EU permits petroleum shipments to Serbian destinations. The EU has amended its sanctions rules regarding Yugoslavia and Serbia to permit petroleum and petroleum product shipments to the cities of Nis and Pirot, Kragujevac, Kraljevo, Novi Sad, Sombor, and Subotica. Citation: 2000 O.J. of the European Communities (L 35) 8, 10 February 2000.

U.S. and Nigeria sign Trade and Investment Agreement. On February 16, 2000, U.S. Trade Representative Charlene Barshefsky and Nigerian Vice President Atiku Abubakar signed a U.S.-Nigeria Trade and Investment Framework Agreement (TIFA) in Washington, D.C. The purpose of the Agreement is to develop a structured dialogue for increasing bilateral trade and investment, including the negotiation of further trade agreements. It creates a Council on Trade and Investment with government representatives from both parties. The Agreement is effective immediately. - Nigeria is the U.S.' second-largest trading partner in Africa. Citation: U.S. Trade Representative press release 00-12 (February 16, 2000).



As result of WTO ruling, U.S. and India reach agreement on reducing Indian import restrictions. A WTO Dispute Settlement Panel held in April, 1999, that India's balance-of-payment situation did not justify its import restrictions such as a "Negative List" containing almost all consumer goods and requiring a case-by-case import license. The WTO Appellate Body upheld the Panel findings (see 1999 Int'l Law Update 122). On December 28, 1999, the U.S. and India reached an agreement for India to lift import restrictions that it applies to produce, textiles and many consumer products.

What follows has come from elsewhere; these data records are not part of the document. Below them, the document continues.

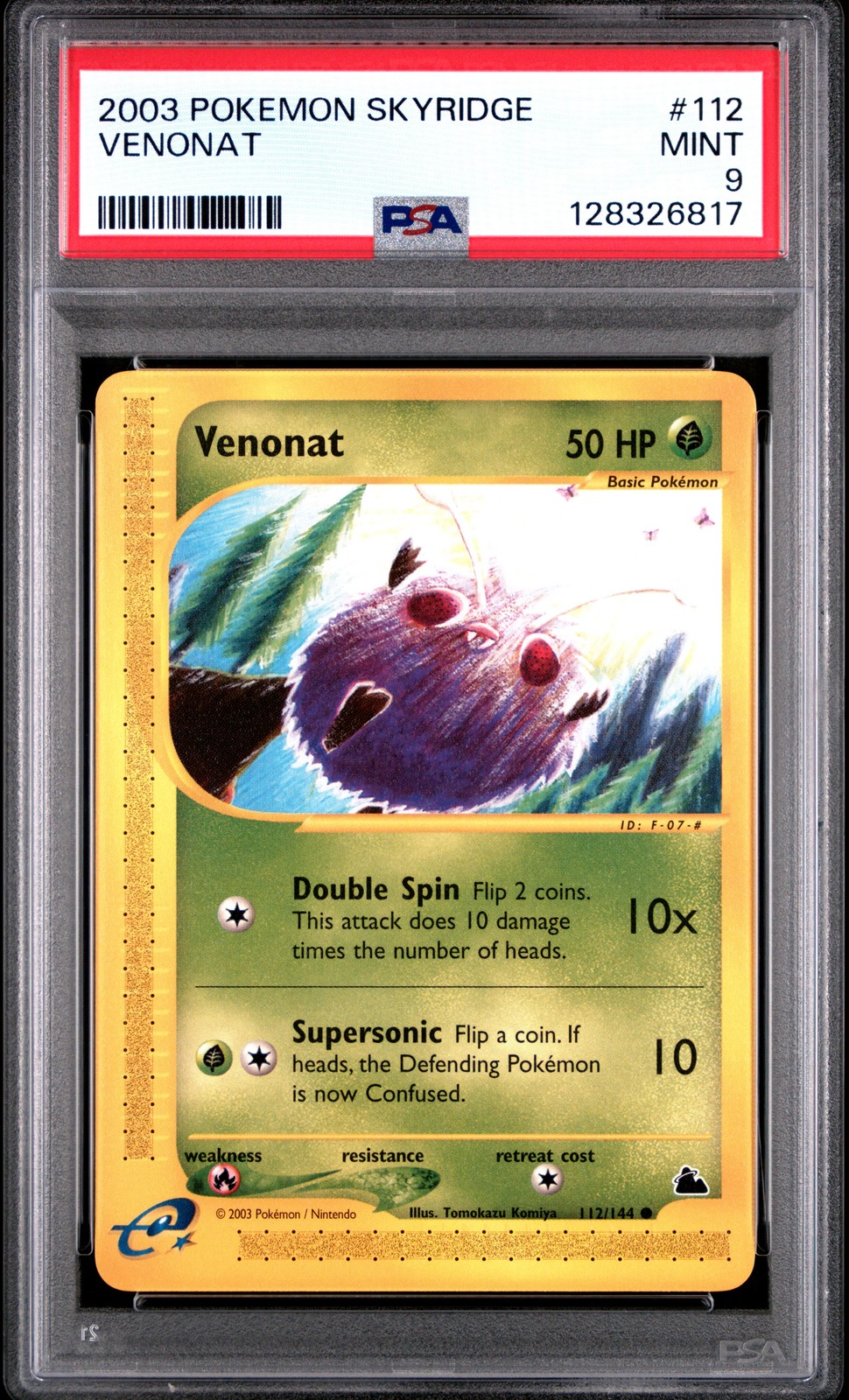 2003 POKEMON SKYRIDGE #112 VENONAT PSA 9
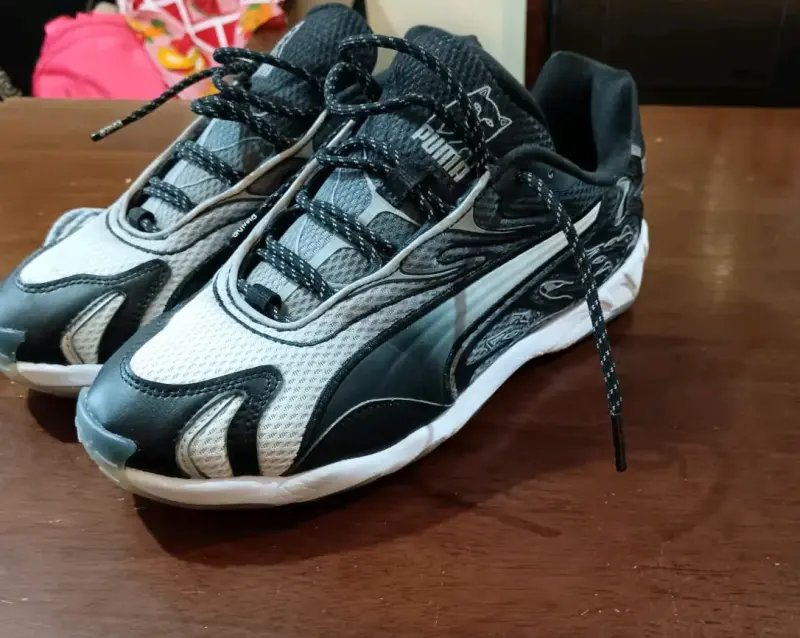 Zapatillas deportivas gris y negro - 5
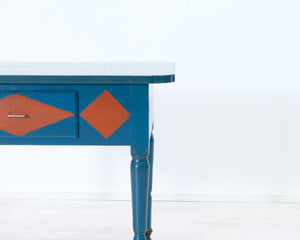 Kirjoituspöytä sininen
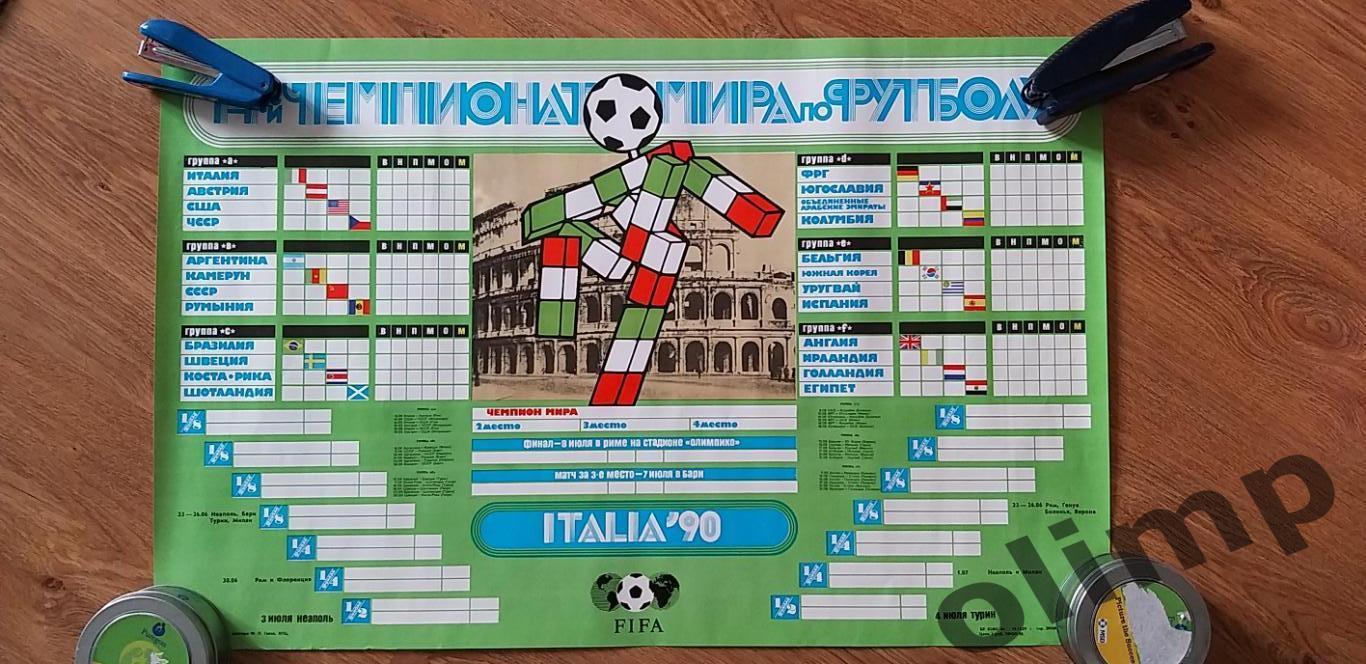 Чемпионат Мира 1990 , Италия 90, №11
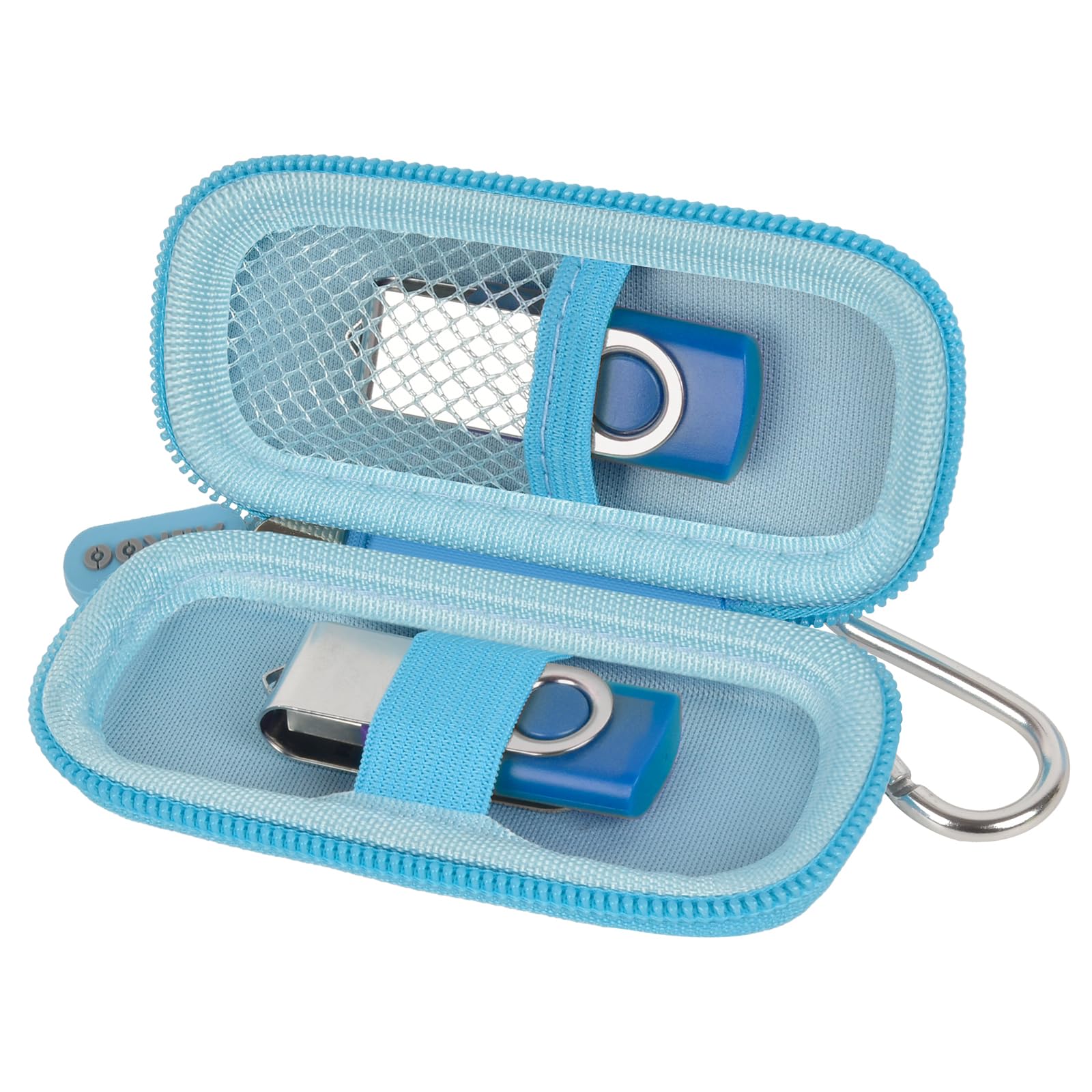 USB Flash Drive Case with SD Card Storage – Portable Hard Organizer for Travel and Easy Data Protection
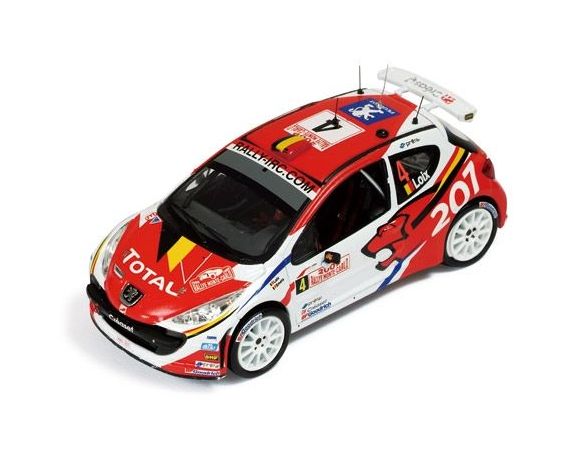Ixo model RAM363 PEUGEOT 207 N.4 2nd M.CARLO'09 1:43 Modellino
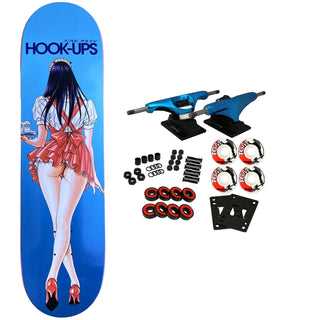 Hook Ups Skateboard Complete Waitress in Trouble 8.25" x 32.25"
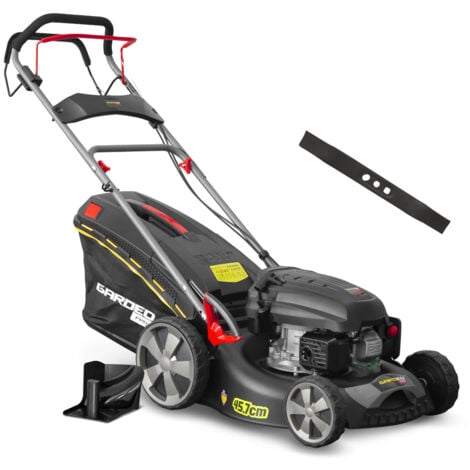 Tondeuse thermique autotractée 144.3cc - 46cm livrée avec 2 lames + mulching - Gardeo Pro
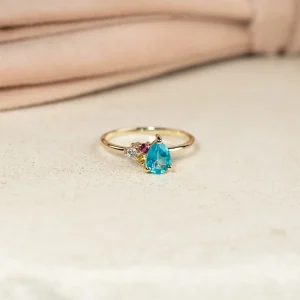GYDA PARAIBA TOPAZ SOLID GOLD RING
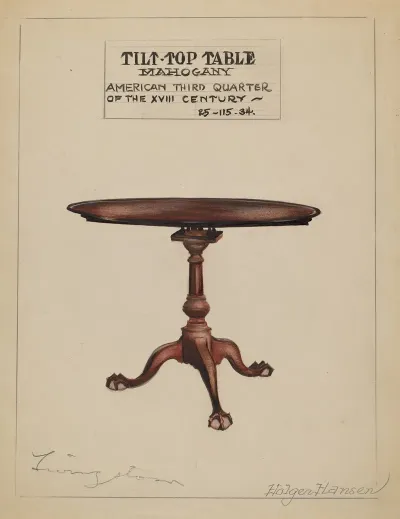 Tilt Top Table 5
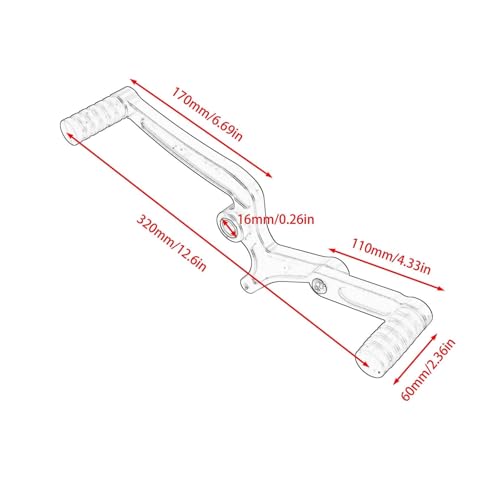 Levier de vitesse moto double branche pour un passage de rapport fluide sur Sixty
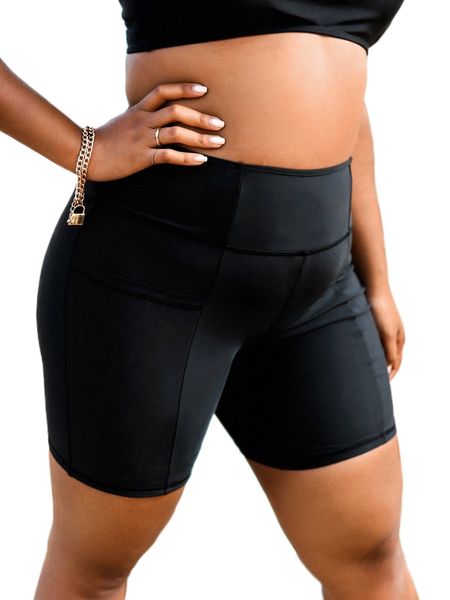 plus wideband waist bikini bottom r5mn#, Black 
plus wideband waist bikini bottom r5mn#, Black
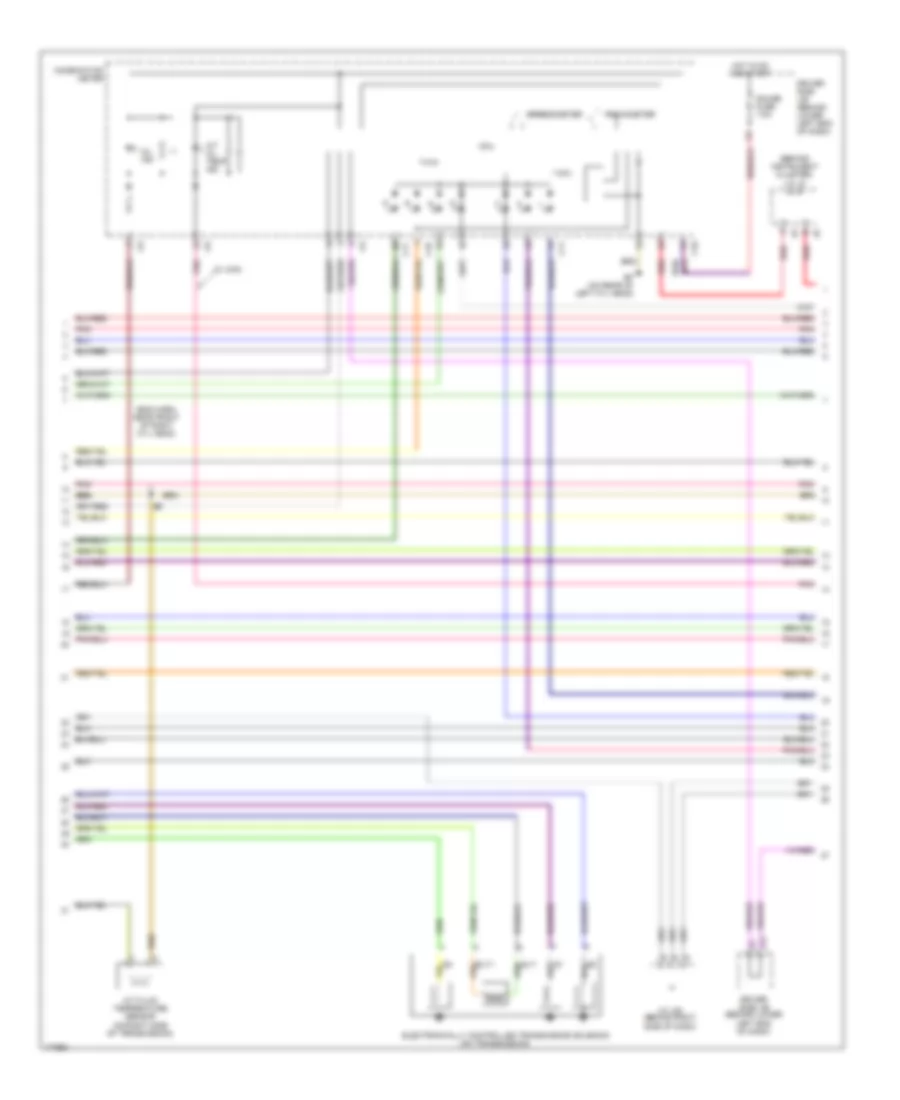 4.0L, Engine Performance Wiring Diagram (4 of 6) for Toyota 4Runner Limited 2003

Under the agreement, India will lift more than 1,400 of its specific restrictions by April 1, 2001. India had already reached accords with the EU, Japan and other countries obligating it to erase these restrictions by April 2003. Citation: U.S. Trade Representative press release 00-1 (January 10, 2000). [A copy of the agreement is available in USTR reading room or at USTR website: www.ustr.gov (see "press releases").]